Led by Associate Professor of History Dr. Edward Tenace and Associate Professor of English Dr. Helen Robbins as part of the Nichols International Studies Program, the trip was a chance for history and literature students to experience the subjects they studied firsthand.
The group visited London and four rural towns: Swanage, Whitby, Haltwhistle, and Haworth.
The emphasis was on the landscape, Tenance said, and the group explored how each region’s geography influenced its culture and history.
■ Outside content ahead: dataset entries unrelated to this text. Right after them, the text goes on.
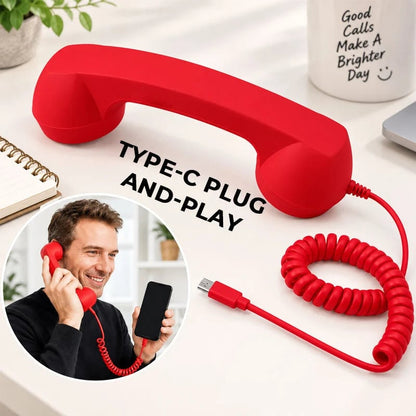 ☎️📱 Retro Telephone Handset for Type-C Phones — A Vintage Touch to Your Calls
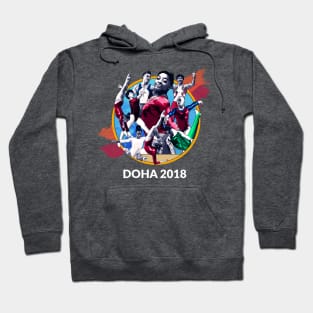 Doha 2018 Graphic (Dark) Hoodie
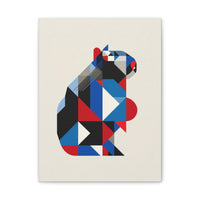 Geometric Capybara Abstract Canvas Print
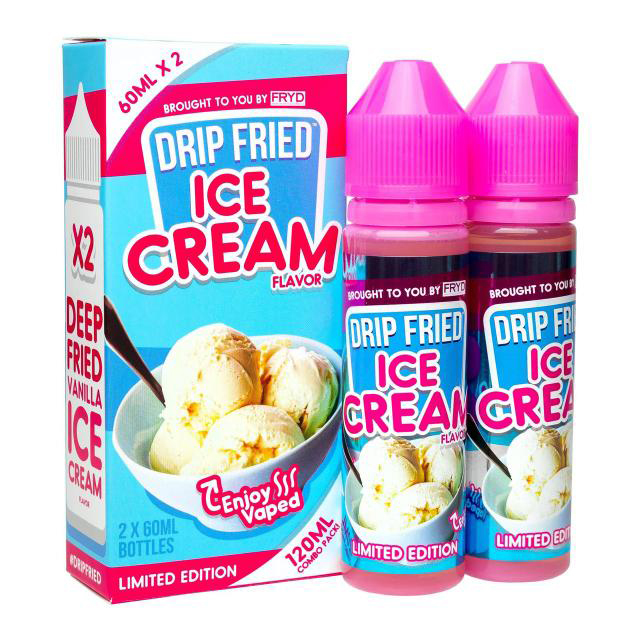 Жидкость Twist Eliquid - Drip Fried Ice Cream, 60 мл.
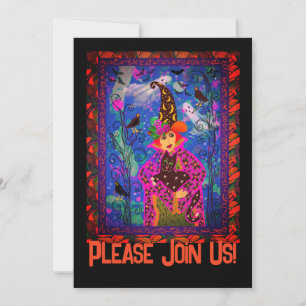 Customised Bewitching Spooky Halloween Night Invitation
From Haltwhistle, for example, the students hiked to Hadrian’s Wall and toured the borderlands between England and Scotland, where families subsisted by making raids across the border and stealing each other’s cattle.
“You get a sense of the foreboding landscape there because all the farms look like they’re fortified,” he said. “They’re constructed that way to defend against people trying to come in and attack them.”
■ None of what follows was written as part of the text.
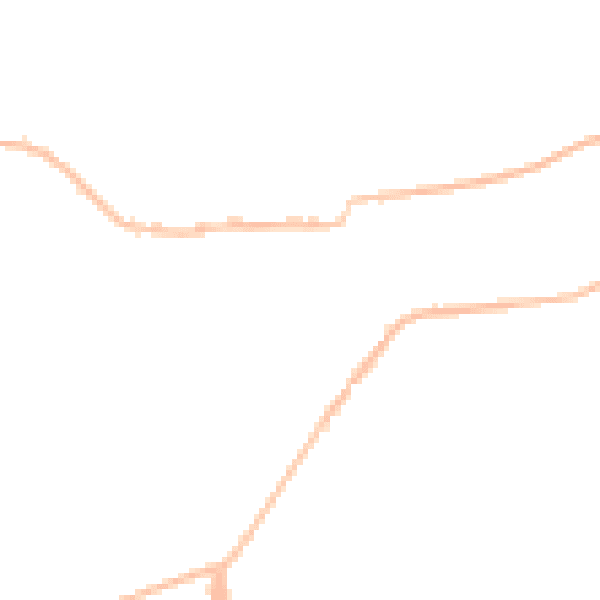 Night-time road noise heatmap for CO11 1DD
Robbins said the trip features a lot of hiking to immerse students in the English lifestyle and give them a better sense of the land.
“The English do a lot more walking than we do,” she said. “There are some places with beautiful scenery you can find if you make the trek.”
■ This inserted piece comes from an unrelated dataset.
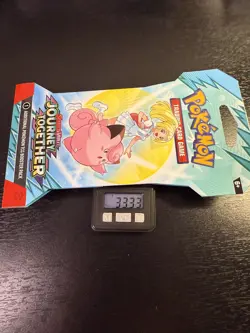 Very Heavy! 33.33 Gram Pokemon Journey Together Sleeved Booster Pack Sealed - Image 1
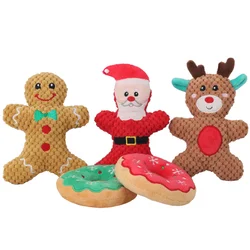 Juguete peluche navidad para perros – Santa y alce con chirrido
“When you walk these places, there’s this sense of identifying with the past that you wouldn’t get by just being on a tour bus,” Tenace said.
Nichole Cook, ‘19, said she was initially terrified of all the hiking the trip would entail.
“What we call ‘hiking,’ the English just call ‘walking,’ ”Cook said, laughing. “All the countryside is connected with public walking paths, and we went everywhere.”
“I was so excited by all the scenery and sites that I made myself do it,” she said. “I’m so glad I did. The coastal walks were awesome, and we were literally walking along cliffs all the time.”
As an English major, she said it was exciting to read a novel like Wuthering Heights and then visit the moors in Haworth that inspired Emily Brontë.
“Seeing Whitby was a highlight for me because it’s the setting for Bram Stoker’s Dracula,” Cook said. “I cried when we hiked it because it was so amazing to be there.”
“It lived up to its reputation,” said Tenace. “The area also has a lot of historical significance because the explorer Captain Cook was born and raised there and Whitby Abbey played a big role in converting Anglo-Saxons to Christianity.”
He said students came away from the trip with a better grasp of English culture and how different it is from region to region.
“We got into some interesting conversations in Haworth, which is very pro-Brexit,” Tenace said. “The political views are very different in each region, like if you were to travel to Oklahoma or California.”
One advantage for the students, he said, was that they had never been to a large metropolitan area like London before.
“Many of them got to experience public transit and flying for the first time,” Tenace said.
“They figured out the bus schedules in towns. They figured out the London Underground and how to get where they were supposed to be,” Robbins. “I was proud of them for adjusting so well to being in a crowded city.”
She said many students catch the “travel bug” after going on a Nichols trip.
“I know several students who went out of the country for the first time on a Nichols Trip,” she said, “and now they travel all the time. It has influenced their lives so much.”
“Coming back was so sad,” Cook said. “This was my first real time overseas. I’m going to save up so that I can travel again as soon as I can.”